Has anyone else had this happen or am I due for a check up at the Home for the Terminally Weird again?

BEst regards,

Kludge


----------



## wareagle (Oct 25, 2008)

Kludge, sometimes I get hell bent on getting a particular tool (or other item) just because... I am not sure it's weird, or just simply human nature. I find that I justify things like that with "One day that would come in handy..".

Not sure that helps, but I have suffered the same thing before. Maybe if either one of us checks in to the coo-coo house, maybe we should make sure there is an available room next door for the other of us!  ;D


----------



## Kludge (Oct 25, 2008)

W/E, I have a permanent reservation at the VA psych lockdown facility which gives you an idea of my mental stability. I laugh about it a lot but I can go in any time without having to take a number. 

I have the same affliction with tools. I also will buy duplicates knowing full well I don't need an extra which accounts for the number of 1/4" hex drive bits and drivers I have. On the positive side, I'm not buying Allen wrenches anymore. 

Best regards,

Kludge


----------



## Mcgyver (Oct 25, 2008)

if you are without a 1/8 reamer, its perfectly natural that you would feel incomplete, who wouldn't? buy a quality one however to restore balance to the universe


----------



## Tin Falcon (Oct 25, 2008)

I have had times when I had a thought to do some little thing that seemed irrational at the time. I have had many times that listening to that thought would have made life easier. 



> I also will buy duplicates knowing full well I don't need an extra


I too suffer from duplicate tool syndrome. Is it possible to have too many 6 way screw drivers ? 
Tin


----------



## tel (Oct 25, 2008)

By all means rush out and buy a 1/8" reamer, every shop needs one sooner or later, and it will cost you a damn sight less than my latest brainstorm.

http://cgi.ebay.com.au/ws/eBayISAPI.dll?ViewItem&rd=1&item=230302477751&ssPageName=STRK:MEWN:IT&ih=013


----------



## jack404 (Oct 25, 2008)

not a 1/8th reamer but i'll grab this one

MACHINE DRILL REAMER .216 DIA NEW
http://cgi.ebay.com.au/ws/eBayISAPI.dll?ViewItem&ssPageName=STRK:MEBIDX:IT&item=360100384891

but the good news is i sold my english wheel finally ( this morning ) ;D ;D ;D

poor buggers coming from ballranald (sp?) in Vic to collect it, did not like the $1700 quote to ship it    what can i say ??? they are big heavy and awkward and the attachments alone weigh 600 lbs :big: :big: :big:

next thing is to get those dial guages and look at a DRO for the X2 clone 

anyone fit them?? ( hows that for a weird thought? but electricity and me dont mix)

hey tel

you gonna come and pick that up ??

( nice buy by the way)


----------



## tel (Oct 26, 2008)

Yes mate, I'm going to collect it by hand on Sat. week, all being well. I've been socking dome cash away toward the purchase of a new RF31, but I think this is better (and $650 cheaper)


----------



## DICKEYBIRD (Oct 26, 2008)

The wierd thing about my wierd thoughts is that they are usually about shop made tools or gadgets. At the time they occur, I have no idea where they come from and don't have a use for the item but that inner voice (I'm schizoid and so am I) won't shut up until I have made it.
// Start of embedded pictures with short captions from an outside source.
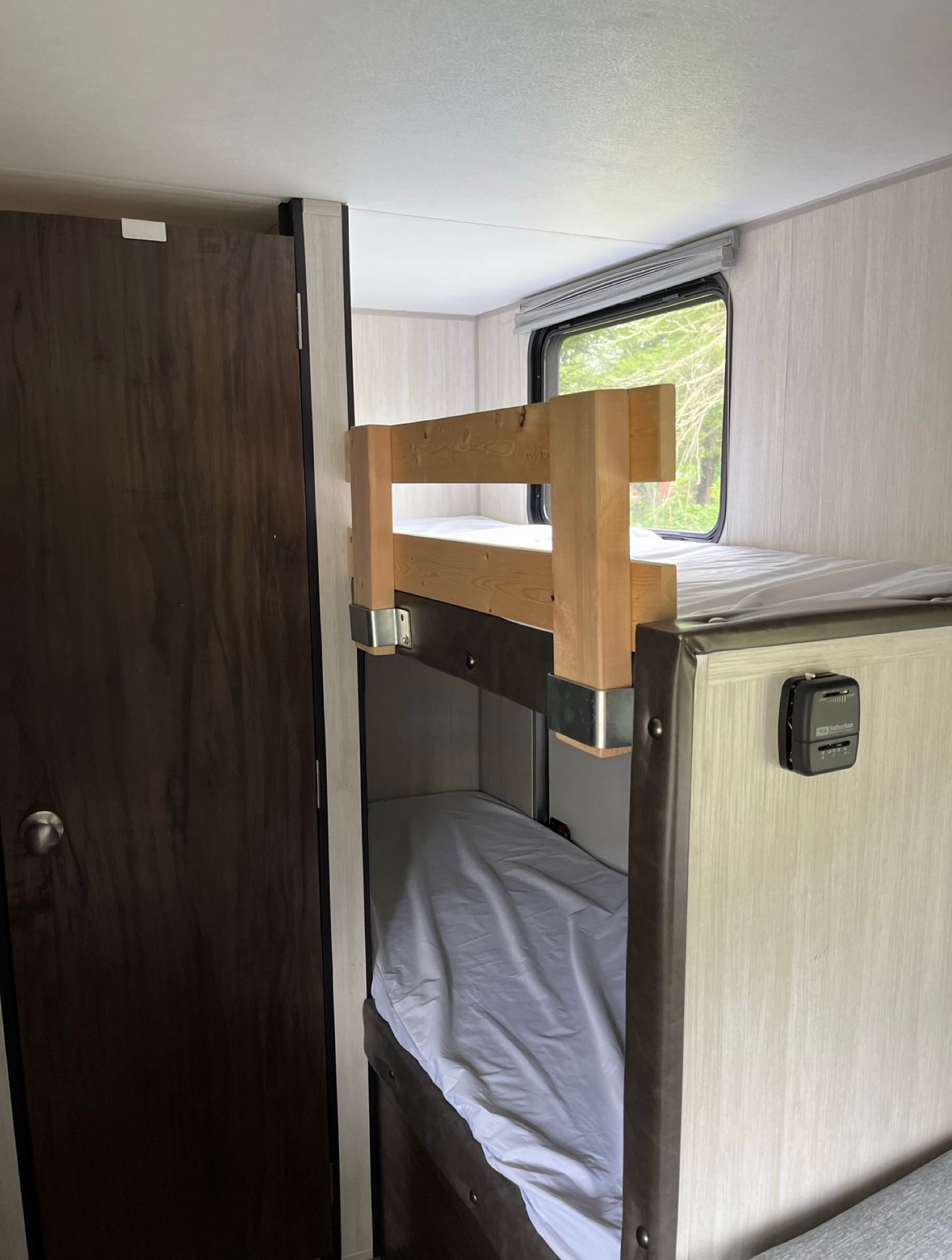 RV rental: View inside a compact sleeping area with two bunk beds (white sheets), a window, and a thermostat.. Forest River Cherokee Wolf Pup 2019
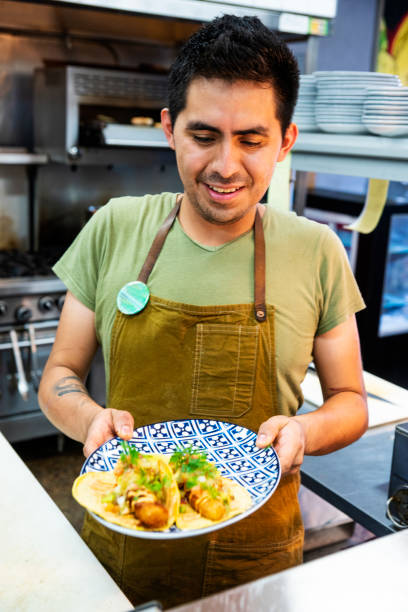 istock Mexican chef working in an authentic Mexican restaurant 1018477908
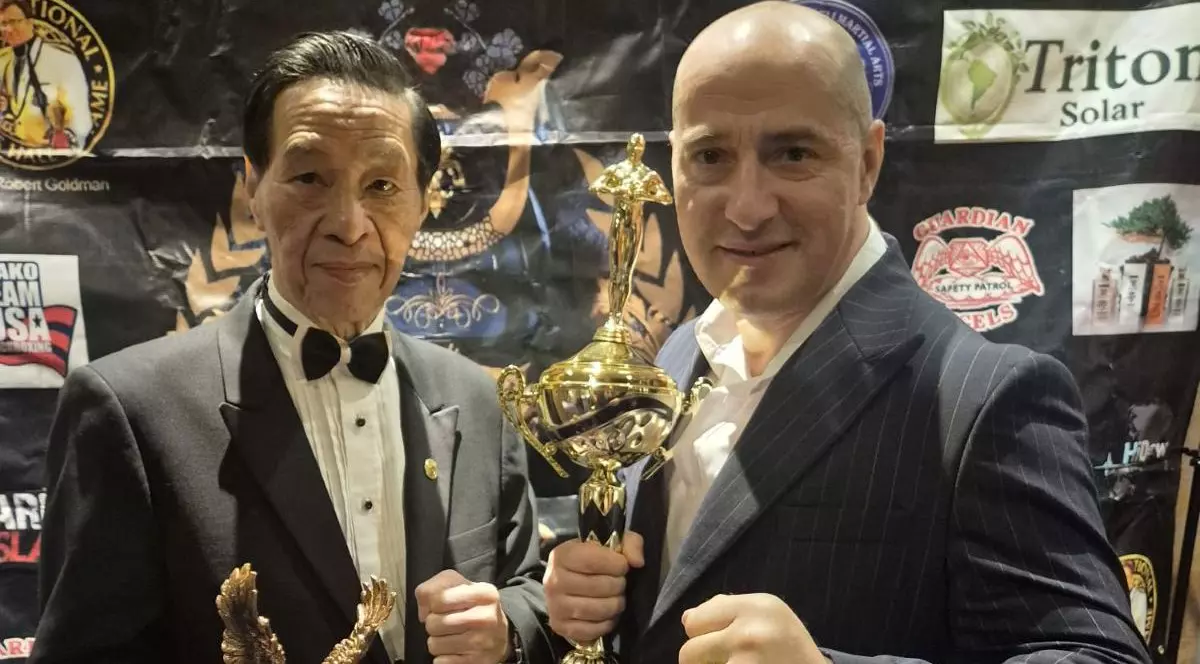 Ovidiu Sfetcu, alături de unul dintre organizatori, după ce a fost premiat. În mână ține trofeul pe care l-a câștigat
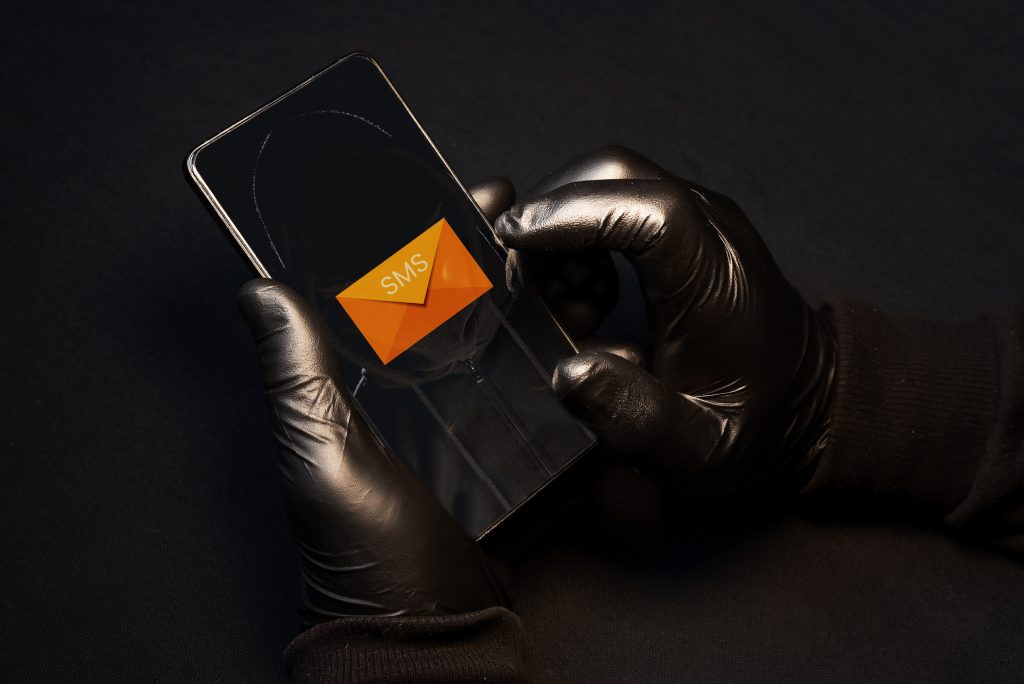 A cybercriminal sending fraudulent text messages via cell phone to scam vulnerable people.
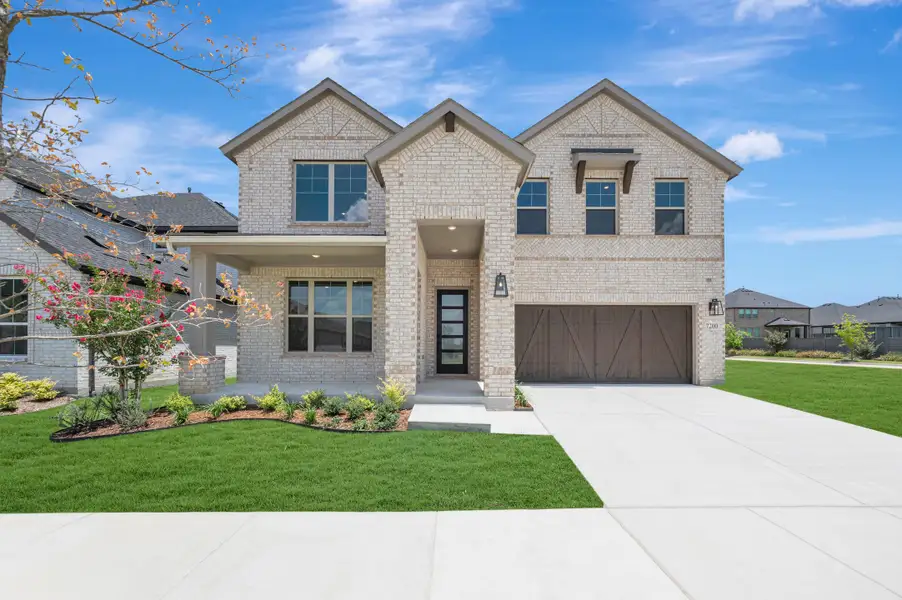 Front exterior of a new home in Union Park, Little Elm, TX, highlighting curb appeal (Image 1). Front exterior of a new home in Union Park, Little Elm, TX, highlighting curb appeal (Image 1).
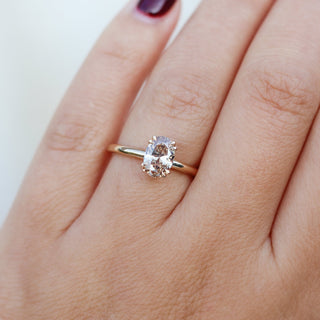 Oval Cut Diamond Ring worn on hand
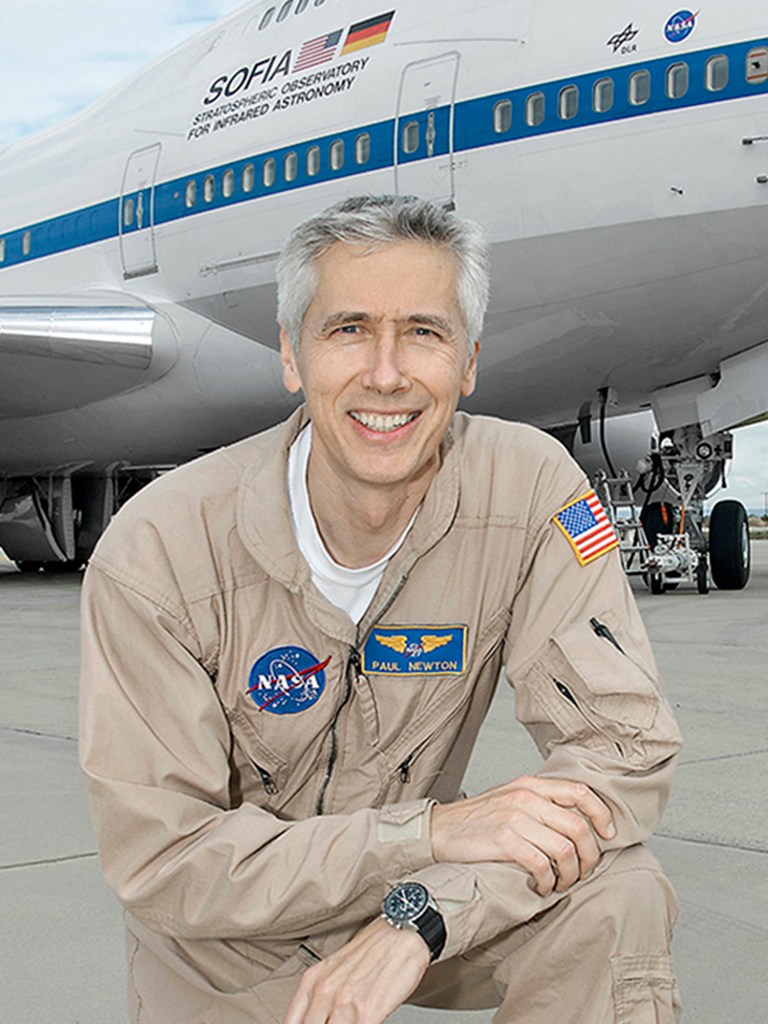 Man in flight suit posed in front of aircraft.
It may be a couple weeks or months but a "job" will inevitably come up that I either couldn't do without the item or it was made far easier by having it. Twilight Zone stuff right there in my shop!


----------



## tel (Oct 26, 2008)

Spooky, ain't it DB! Generally you only go a week or so before you NEED whatever it was you made.


----------



## Tin Falcon (Oct 26, 2008)

I have been known to go a bit crazy with gifts for people . My wife usually get an Idea for a gift for someone for a special occasion. Then she shops not being able to find the item . Then I get a brain storm and come up with a design she loves ten have to make it. The making is usually last minute under pressure. The aggravating part is I usually do not take time for photos before the stuff goes out the door. 
1) solid cherry wood napkin rings as a wedding gift for my pastors son. went to the wedding with traces of french polish on my hands.
2) A friend of the family got her congressional silver medal. She loves stars so I ended making star pendant necklace out of silver sheet by hand. Jewelers saw and files. The neat thing is that her friends at school loved it and wanted to know where to get one. She got to tell them it is one of a kind and was custom made. 
3) When I worked at the steel fab shop we redid the office trailer actually turned a mobile home into an office. as an office warming gift I made a set of coasters out of solid oak (used to be packing crate) inlaid with leftover place and press floor tile so they matched the office floor. I kept one of those and use it next to the computer. 
Tin


----------



## Kludge (Oct 26, 2008)

Mcgyver  said:
			
		

> if you are without a 1/8 reamer, its perfectly natural that you would feel incomplete, who wouldn't?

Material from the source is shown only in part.